Pandas, Polars, and the limit at the edge of RAM.

Concept. Pandas and Polars assume your whole dataset fits in your machine's RAM, and work on it there. Fast, familiar, and bounded by one machine.

Intuition. A laptop holds maybe sixteen gigabytes of RAM. Spotify holds billions of song listens. The bridge between those two numbers is the rest of this course.

Case Study Reading Time: 5 mins

Figure 1. The part you already know. Pandas, and Polars (the same idea in Rust, faster on big files), loads your whole dataset into RAM and works on it there: one process, one machine, fast until the data exceeds RAM (right), where it crashes. This is a database in the small, short-lived and bounded by one machine. Removing that limit is the rest of the course.

A familiar example

One schema runs all course: Songs (about a hundred million of them on real Spotify), Listens (billions of rows, one per play), and Users. The task: the top 10 songs by play count.
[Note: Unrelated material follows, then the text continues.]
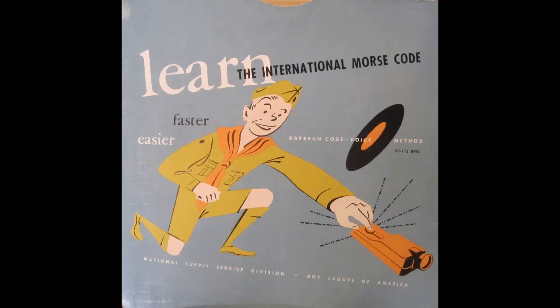E. E. T. T. A. A. O. O. I. I. N. N. S. S. E.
In pure Python you would write nested for loops over the rows, build a dictionary of counts, and sort it at the end. That is imperative code: you spell out how to compute the answer, step by step.

Pandas and Polars give you something better, and so does SQL. Same intent, two surfaces, side by side:

Polars (Python)

import polars as pl

popular = (
    listens_df
    .join(songs_df, left_on='song_id',
          right_on='song_id', how='inner')
    .group_by(['title', 'artist'])
    .agg(pl.len().alias('plays'))
    .sort('plays', descending=True)
    .head(10)
)

SQL

SELECT title, artist, COUNT(*) AS plays
FROM listens
JOIN songs ON listens.song_id = songs.song_id
GROUP BY title, artist
ORDER BY plays DESC
LIMIT 10;

Read them together. Neither one says how: no loops, no counters, no sort algorithm. You declare the join, the grouping, and the order; the engine works out how to walk the rows. That is the declarative style, and SQL is its canonical form.

The SQL version has one extra property: it is a program that does not change with scale. It runs unchanged against a thousand rows on your laptop or a hundred billion across two thousand machines; only the execution plan changes. You do not rewrite the query when the data grows. You point it at a bigger engine.

Pandas, Polars, and a database

That last property is the whole story, because Spotify's Listens table does not fit in a laptop's sixteen gigabytes, or a sixty-four gigabyte workstation. What each tool does when the data gets that big is what separates them.

Figure 2. Pandas loads every row into RAM and copies at each step, so it stops the moment the data passes RAM. Polars keeps almost the same API but runs a lazy, streaming, all-cores plan that only materializes what it needs, which pushes that point far out, though it is still one machine with a finite disk and CPU. A database flips the problem: you send the query to the data, and the engine spreads the scan and join across many machines, returning just your rows. The first two make one machine go further. The third stops the data from having to fit on one machine at all.

Where this leaves Pandas in 2026

Pandas and Polars are not going away. A lot of data science work happens at small scale, and a DataFrame on a laptop is the right tool for those jobs. The Rust rewrite trend (Polars and friends) keeps pushing the single-machine ceiling higher every year, squeezing more out of one box before forcing the jump to a cluster.

But the moment your dataset crosses the single-machine line, you need something different. The next teardown shows the same RAM-ceiling failure in a place you would not expect: inside an AI coding agent, when its context window fills.

Takeaway

Pandas on a laptop is the small case of a database, one you already know. The RAM limit you just saw is the same limit an AI agent hits when its context window fills. The rest of CS145 is about what happens when small is no longer enough.